[R] data.frame and formula classes of aggregate

Mon Nov 29 15:49:38 CET 2010

On Nov 29, 2010, at 9:35 AM, David Freedman wrote:

>
> Hi - I apologize for the 2nd post, but I think my question from a  
> few weeks
> ago may have been overlooked on a Friday afternoon.
>
> I might be missing something very obvious, but is it widely known  
> that the
> aggregate function handles missing values differently depending if a  
> data
> frame or a formula is the first argument ?

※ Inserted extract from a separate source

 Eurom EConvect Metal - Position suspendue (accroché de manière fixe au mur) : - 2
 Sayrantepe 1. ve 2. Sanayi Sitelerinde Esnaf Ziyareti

I'm not sure if it is widely known, but it is certainly suggested by  
the documentation for aggregate, since aggregate.data.frame  has  
different defaults than aggregate.formula. See the Usage section at  
the very top of ?aggregate.

>  For example,
>
> (d<- data.frame(sex=rep(0:1,each=3),
> wt=c(100,110,120,200,210,NA),ht=c(10,20,NA,30,40,50)))
> x1<- aggregate(d, by = list(d$sex), FUN = mean);
> 	names(x1)[3:4]<- c('mean.dfcl.wt','mean.dfcl.ht')
> x2<- aggregate(cbind(wt,ht)~sex,FUN=mean,data=d);
> 	names(x2)[2:3]<- c('mean.formcl.wt','mean.formcl.ht')
> cbind(x1,x2)[,c(2,3,6,4,7)]
>
> The output from the data.frame class has an NA if there are missing  
> values
> in the group for the variable with missing values.  But, the formula  
> class
> output seems to delete the entire row (missing and non-missing  
> values) if
> there are any NAs.  Wouldn't one expect that the 2 forms (data frame  
> vs
> formula) of aggregate would give the same result?
>
> thanks very much
> david freedman, atlanta
>
>
-- 

David Winsemius, MD
West Hartford, CT